The Last Book I Loved: Station Eleven


Station Eleven is a love letter to technology, one I never could have written myself.

Love letters require distance, and when it comes to me and technology, I can’t put any distance between us. I learned to type as I learned how to read and write. I’ve had computers and the Internet almost as long as I can remember, and a cell phone a little less than that. I’ve memorized three phone numbers, some Latin conjugations and declensions, the complete scripts to five or six movies from the late 1990s, and probably nothing else. When almost every fact available in all of human knowledge has been stored somewhere online, why would I bother storing anything but the most important things I’ll need to access over and over again? (Yes, like the complete text of Clueless: You think the death of Sammy Davis Jr. left an opening in the Rat Pack?)

Technology is more than electronic devices; it’s any skill or tool applied to the enhancement of human life. It remains only as useful as far as it’s adapted. Technology that isn’t adapted to our purposes, that doesn’t change us somehow, might as well not exist.

And just as I can adapt to having the phone number and email address of every person I know at my fingertips, I can adapt to having all that ripped away from me. So I learned through Station Eleven. In the novel, a pandemic wipes out nearly the entire human population on Earth, leading to the total collapse of the global infrastructure—a collapse so profound that a group of survivors can’t discover if the world exists outside a loop between Toronto and Michigan. Station Eleven, more than any other trendy dystopian novel, showed me the distance between the life I lead now and the life I would have to lead if technology were taken from me.
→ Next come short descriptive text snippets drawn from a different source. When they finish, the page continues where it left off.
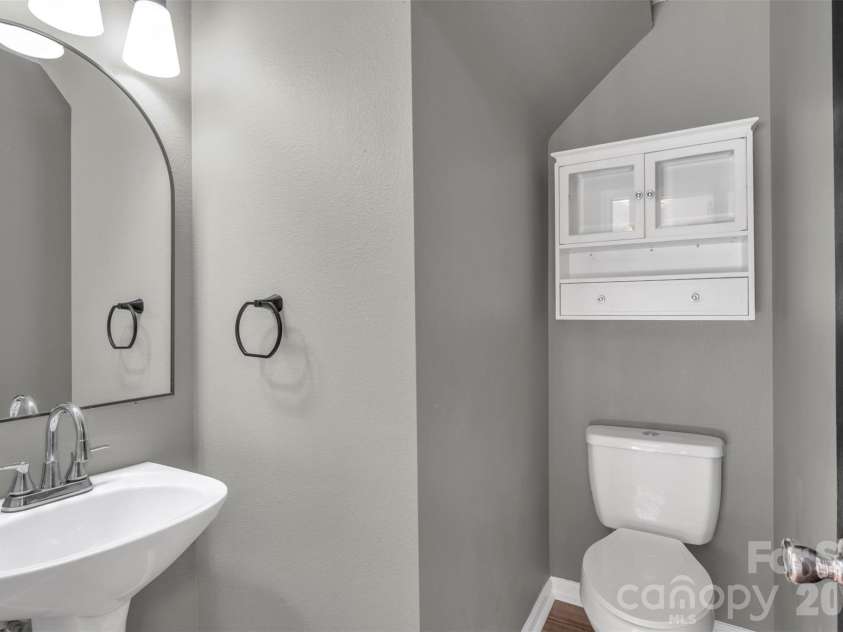128 Longlea Drive, Clover, SC 29710.  MLS# CAR4369138, YatesRealty ID 29650. 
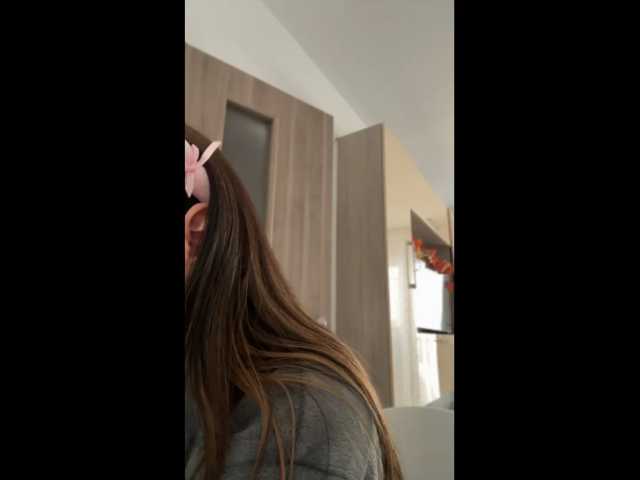 Chiaralovee live cam on BongaCams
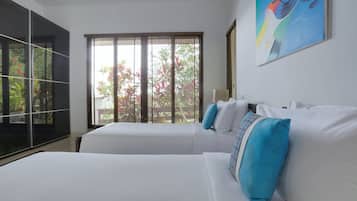 2 chambres, coffres-forts dans les chambres, fer et planche à repasser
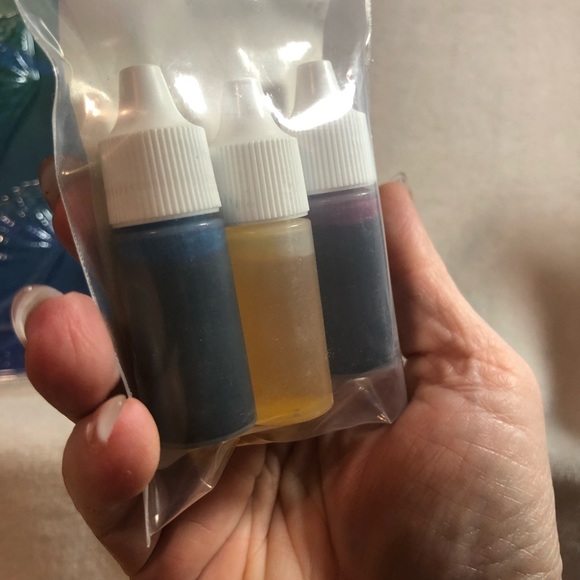 FINAL SALE- LEAVING CLOSET-NO FURTHER DISCOUNTS - Picture 2 of 6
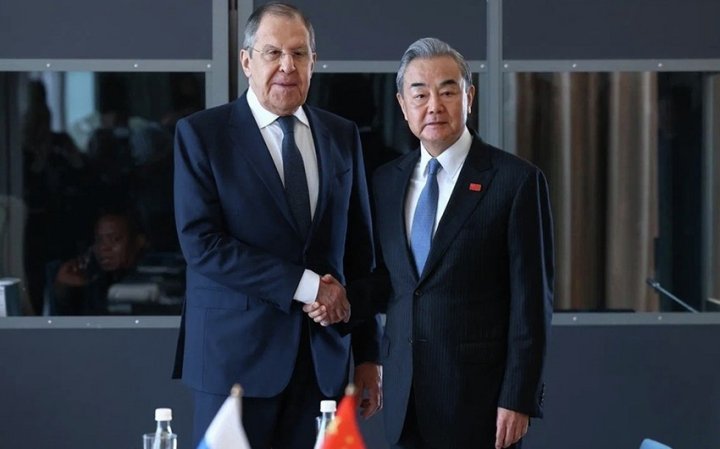 Lavrov Pekində Çinin xarici işlər naziri ilə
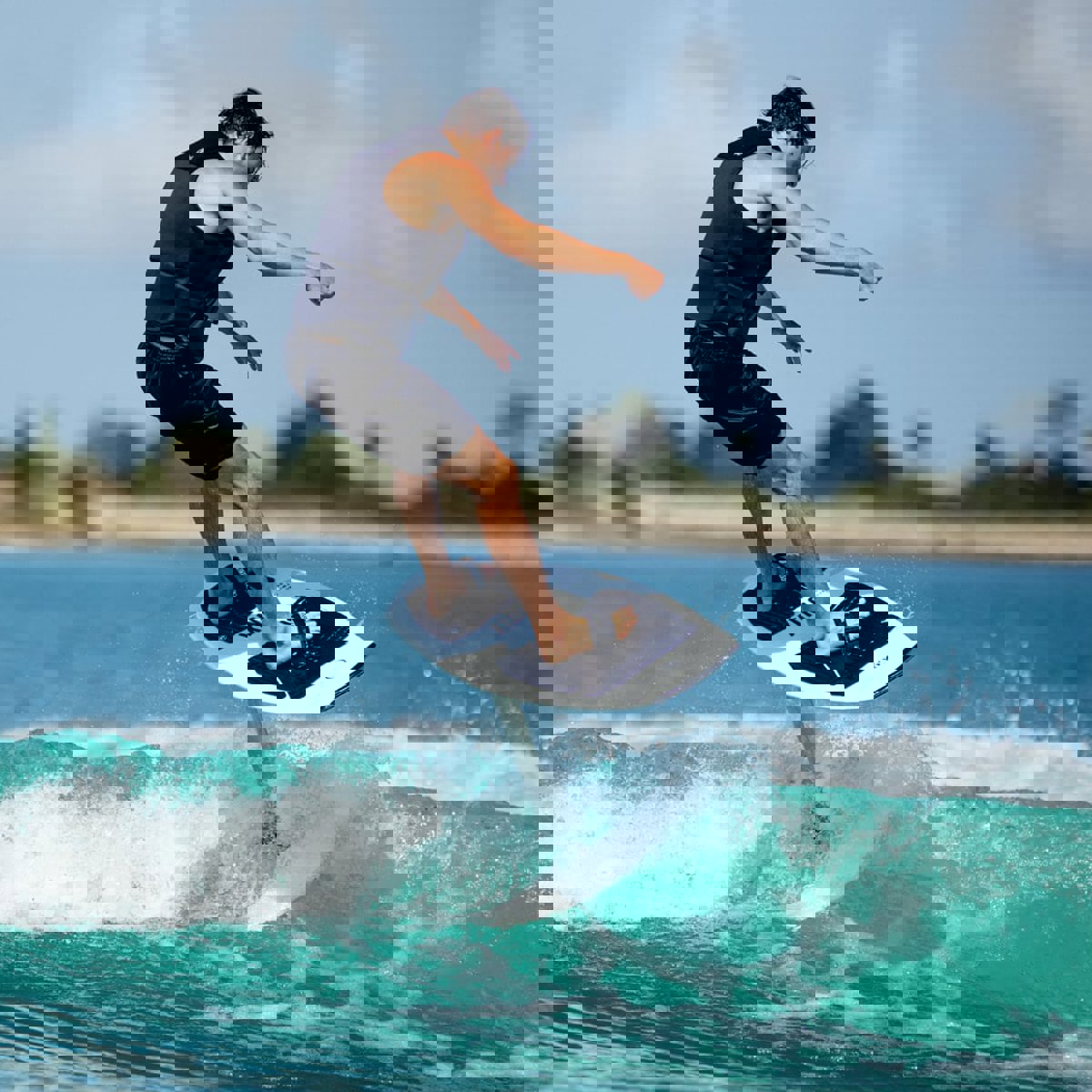 Ronix Koal Surface 727 wakefoil set 4’1 fluid mast 28 intermediate/advanced – Image 13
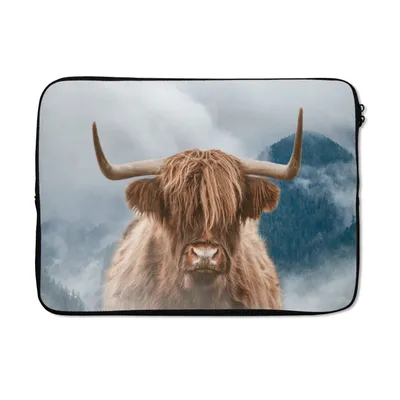 Produktbild von MuchoWow® Laptop Hülle 13 Zoll Schottischer Highlander - Berg - Nebel Laptoptasche - Laptophülle - Sleeve - Rundumschutz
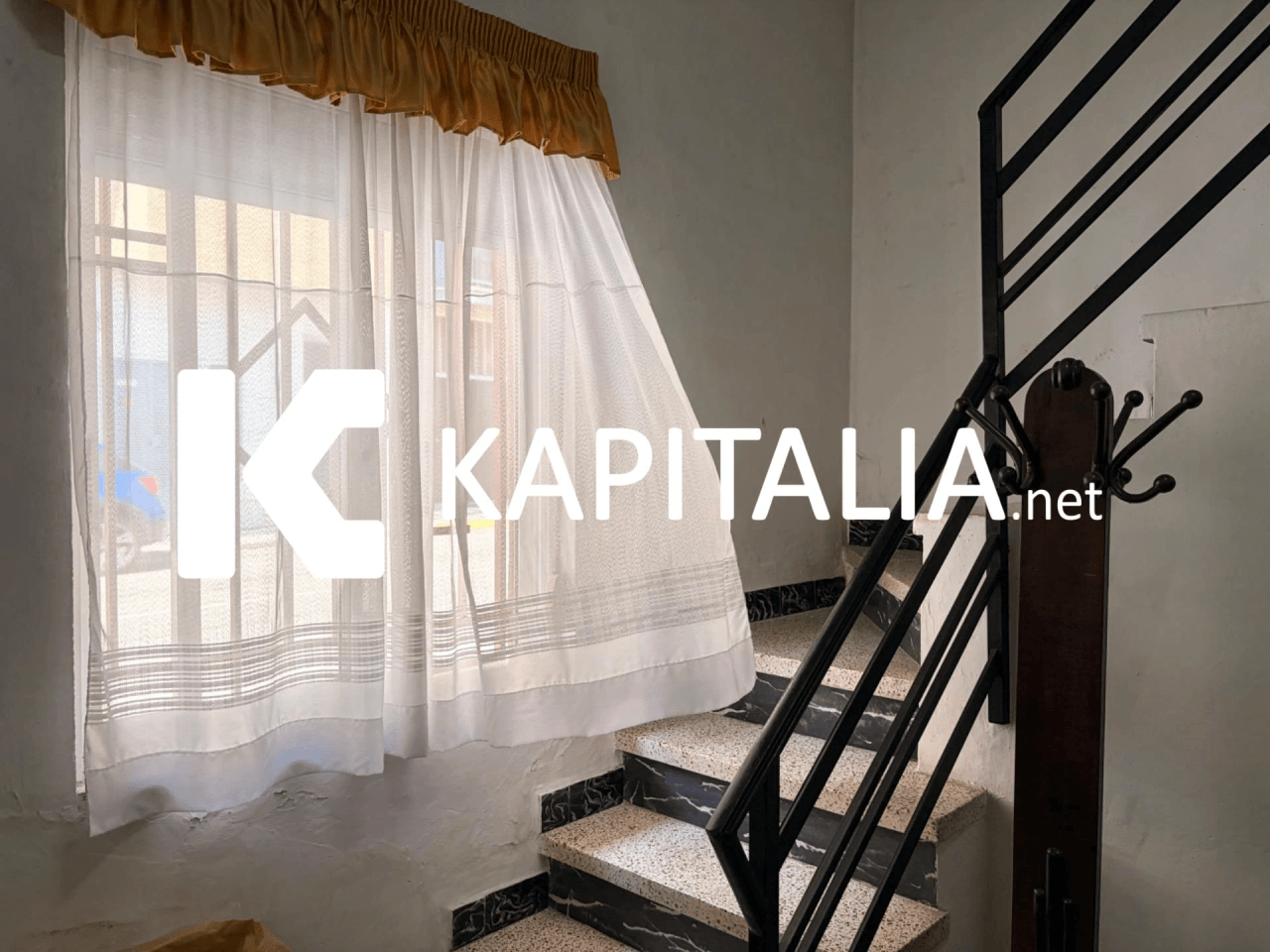 ¡Gran casa con infinitas posibilidades y doble acceso en la mejor zona de Muro!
It’s in that distance that I saw how much technology was a part of me, and how much I love the life it helps me live.


Adapting comes in stages.

I live in West Philadelphia, a little further west and south than where the Fresh Prince was born and raised. A trolley system connects West Philadelphia with Center City across the Schuylkill River. A tunnel runs parallel to the east-west trains, and the trolleys leave the tunnel and run on tracks above ground when they reach 40th St. and Baltimore Avenue in West Philadelphia.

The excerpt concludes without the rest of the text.